What needs to be done:
Omit the pictures, then reproduce exactly the line bearing "Single midcentury, vintage" and every line after it up to and including the last line of the entries below.

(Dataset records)
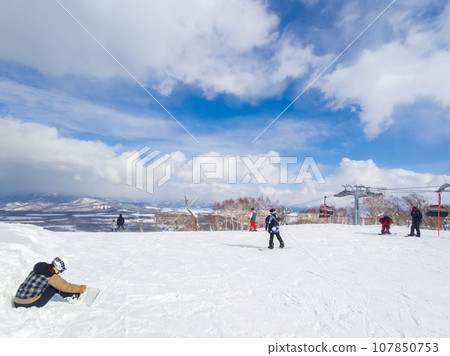 People skiing on the slopes on a sunny day (Niseko, Hokkaido) 107850753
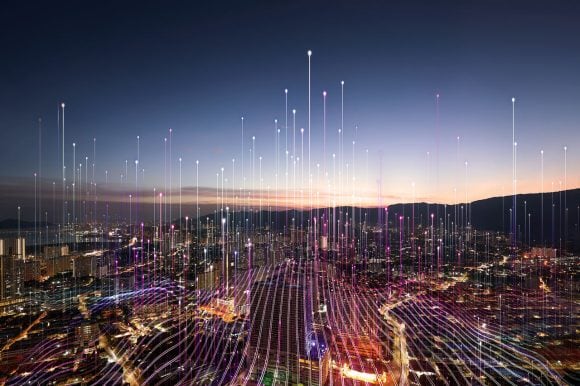 A decorative picture of a futuristic city skyline with beams of light rising into the sky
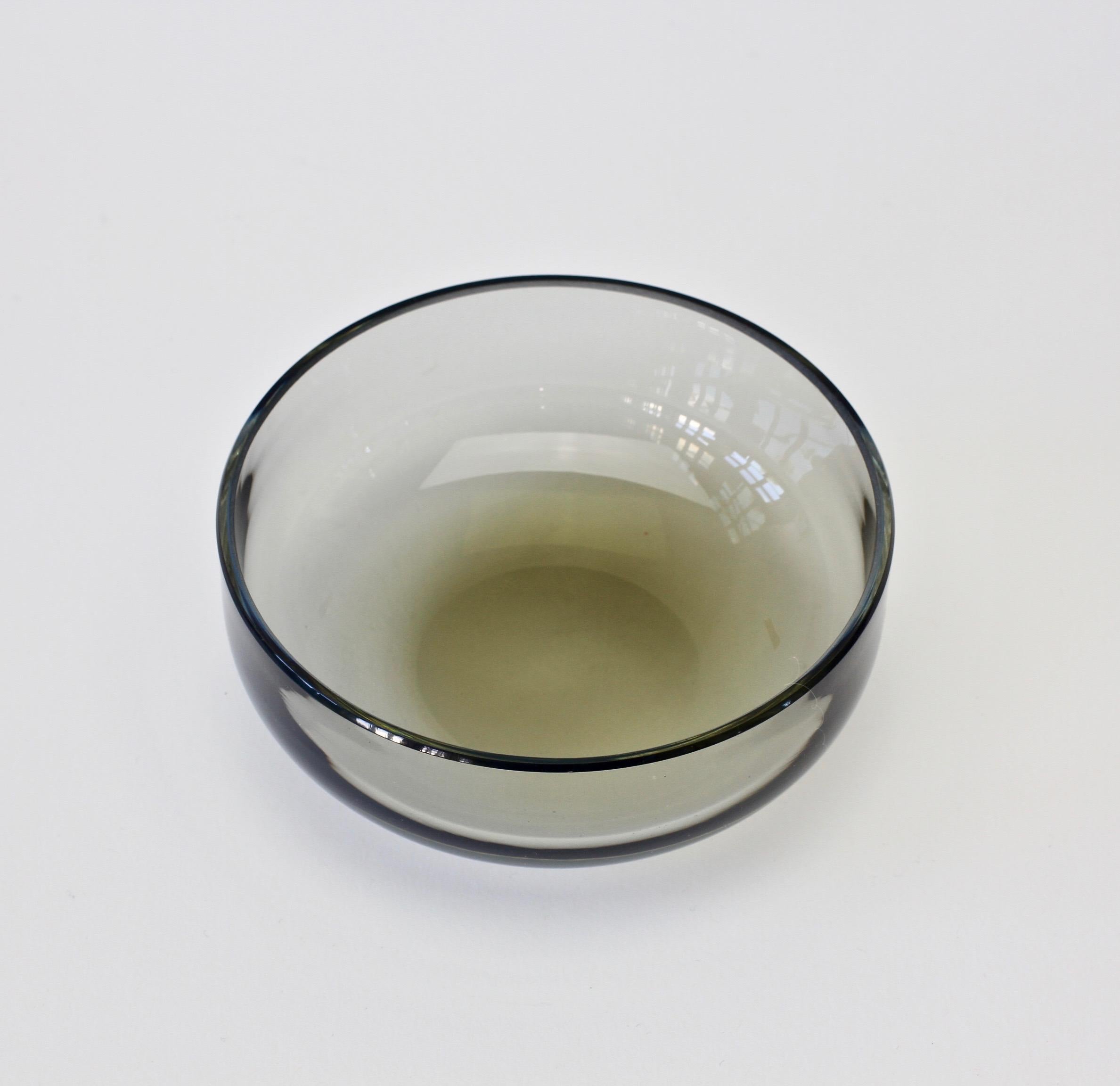 Single midcentury, vintage Murano glass bowl designed by Antonio da Ros (1936-2012) for Cenedese, circa 1970-1990. Wonderful translucent color of smoked gray (grey) toned glass. Simplistic yet elegant form - almost futuristic. A very beautiful small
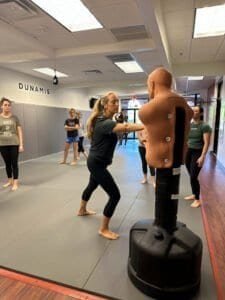 Woman practicing striking techniques on a punching dummy in MMA class.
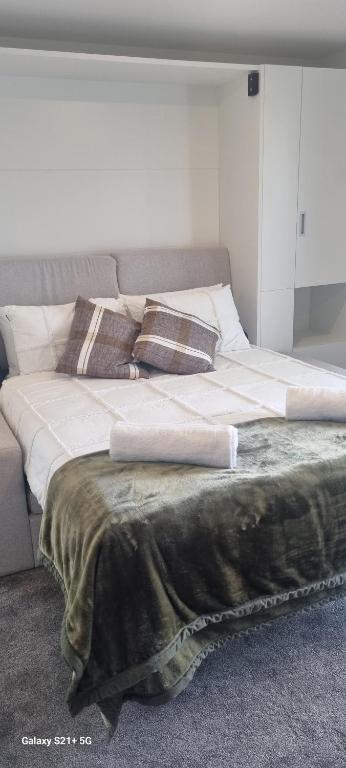 a large bed with white sheets and pillows on it at CBD Upstairs Studio Apartment in Christchurch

Exercise solution:
 Single midcentury, vintage Murano glass bowl designed by Antonio da Ros (1936-2012) for Cenedese, circa 1970-1990. Wonderful translucent color of smoked gray (grey) toned glass. Simplistic yet elegant form - almost futuristic. A very beautiful small
 Woman practicing striking techniques on a punching dummy in MMA class.
 a large bed with white sheets and pillows on it at CBD Upstairs Studio Apartment in Christchurch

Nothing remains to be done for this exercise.